2.3. Het CBR betoogt dat de voorzieningenrechter ten onrechte heeft geoordeeld dat het evenredig is dat [wederpartij] een nieuwe oproep voor een onderzoek naar de geschiktheid ontvangt zonder dat hij daarvoor de kosten hoeft te voldoen.
Het CBR acht het niet aannemelijk dat Post NL niet zorgvuldig zou hebben gehandeld en dat daardoor de brief van 28 september 2010 die de oproep voor het onderzoek bevatte, [wederpartij] niet heeft bereikt. Hierbij heeft het gewezen op de vaste werkwijze die Post NL hanteert bij een aangetekend verstuurde zending. Uit de verzendadministratie van het CBR en Post NL volgt dat de oproep van 28 september 2010 een dag later op het juiste adres is aangeboden. Omdat de oproep niet kon worden afgeleverd is op het adres een bericht achtergelaten met de mededeling dat deze kan worden afgehaald op het postkantoor, aldus het CBR.
2.4. Het CBR heeft bij het besluit van 5 november 2010 besloten tot ongeldigverklaring van het rijbewijs van [wederpartij] en dit besluit in bezwaar gehandhaafd. Het CBR heeft in een begeleidende brief bij het besluit van 5 november 2010 uiteengezet op welke wijze [wederpartij] een nieuw rijbewijs kan aanvragen en aan welke verplichtingen hij dan dient te voldoen.
Anders dan de voorzieningenrechter is de Afdeling van oordeel dat de vraag of het CBR gehouden is [wederpartij] op te roepen voor een nieuw onderzoek naar zijn geschiktheid zonder dat hij daarvoor opnieuw de kosten dient te voldoen, niet in deze procedure voorligt.

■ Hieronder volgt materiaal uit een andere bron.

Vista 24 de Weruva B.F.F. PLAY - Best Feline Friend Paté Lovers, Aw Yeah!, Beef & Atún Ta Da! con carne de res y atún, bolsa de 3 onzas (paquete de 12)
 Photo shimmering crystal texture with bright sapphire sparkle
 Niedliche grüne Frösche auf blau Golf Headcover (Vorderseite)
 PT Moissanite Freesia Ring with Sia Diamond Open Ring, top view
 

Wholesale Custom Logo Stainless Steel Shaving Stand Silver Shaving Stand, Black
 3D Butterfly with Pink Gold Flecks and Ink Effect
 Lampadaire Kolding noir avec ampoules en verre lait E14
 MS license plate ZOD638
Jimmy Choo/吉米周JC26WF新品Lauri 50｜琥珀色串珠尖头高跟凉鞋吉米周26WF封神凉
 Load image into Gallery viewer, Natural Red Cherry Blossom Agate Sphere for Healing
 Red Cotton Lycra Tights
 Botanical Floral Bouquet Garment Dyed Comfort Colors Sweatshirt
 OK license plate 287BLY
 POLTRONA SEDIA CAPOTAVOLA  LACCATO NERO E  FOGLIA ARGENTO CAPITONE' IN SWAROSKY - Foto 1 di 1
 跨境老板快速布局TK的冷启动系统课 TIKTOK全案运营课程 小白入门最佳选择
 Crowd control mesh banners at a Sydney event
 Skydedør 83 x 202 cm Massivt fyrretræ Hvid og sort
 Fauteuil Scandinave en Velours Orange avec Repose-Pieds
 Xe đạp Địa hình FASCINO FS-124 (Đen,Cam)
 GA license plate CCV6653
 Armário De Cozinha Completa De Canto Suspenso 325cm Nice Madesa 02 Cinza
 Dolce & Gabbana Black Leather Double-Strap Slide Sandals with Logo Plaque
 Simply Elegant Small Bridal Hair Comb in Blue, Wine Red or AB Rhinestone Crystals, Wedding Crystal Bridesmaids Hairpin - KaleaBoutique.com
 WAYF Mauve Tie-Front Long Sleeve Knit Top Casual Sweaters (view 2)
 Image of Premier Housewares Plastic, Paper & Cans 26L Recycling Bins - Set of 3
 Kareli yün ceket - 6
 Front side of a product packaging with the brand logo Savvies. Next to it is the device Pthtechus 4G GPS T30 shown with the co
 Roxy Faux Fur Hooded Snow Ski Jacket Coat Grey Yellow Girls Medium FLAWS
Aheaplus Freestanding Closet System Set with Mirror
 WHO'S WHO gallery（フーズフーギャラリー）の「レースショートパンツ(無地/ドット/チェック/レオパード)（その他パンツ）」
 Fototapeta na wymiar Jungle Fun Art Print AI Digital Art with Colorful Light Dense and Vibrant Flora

De Afdeling oordeelt ambtshalve dat de voorzieningenrechter, voor zover hij heeft bepaald dat het evenredig is dat [wederpartij] een nieuwe oproep ontvangt voor een onderzoek naar de geschiktheid zonder dat hij daarvoor opnieuw de kosten hoeft te betalen, buiten de omvang van het geding is getreden.
2.5. Het hoger beroep is gegrond. De aangevallen uitspraak dient te worden vernietigd, voor zover aangevallen. Nu [wederpartij] niet tegen het oordeel van de voorzieningenrechter dat het CBR terecht het rijbewijs ongeldig heeft verklaard, is opgekomen, dient in hoger beroep te worden uitgegaan van de juistheid van dit oordeel. Gelet hierop zal de Afdeling, doende hetgeen de rechtbank zou behoren te doen, het beroep van [wederpartij] tegen het besluit van 28 januari 2011 ongegrond verklaren.
2.6. Voor een proceskostenveroordeling bestaat geen aanleiding.
De Afdeling bestuursrechtspraak van de Raad van State
Recht doende in naam der Koningin:
I. verklaart het hoger beroep gegrond;
II. vernietigt de uitspraak van de voorzieningenrechter van de rechtbank Rotterdam van 4 mei 2011 in zaak nr. 11/1119;
III. verklaart het door [wederpartij] ingestelde beroep tegen het besluit van de stichting Stichting Centraal Bureau Rijvaardigheidsbewijzen van 28 januari 2011, kenmerk 2010009903/BB, ongegrond.
Aldus vastgesteld door mr. C.H.M. van Altena, lid van de enkelvoudige kamer, in tegenwoordigheid van mr. J. de Vries, ambtenaar van staat.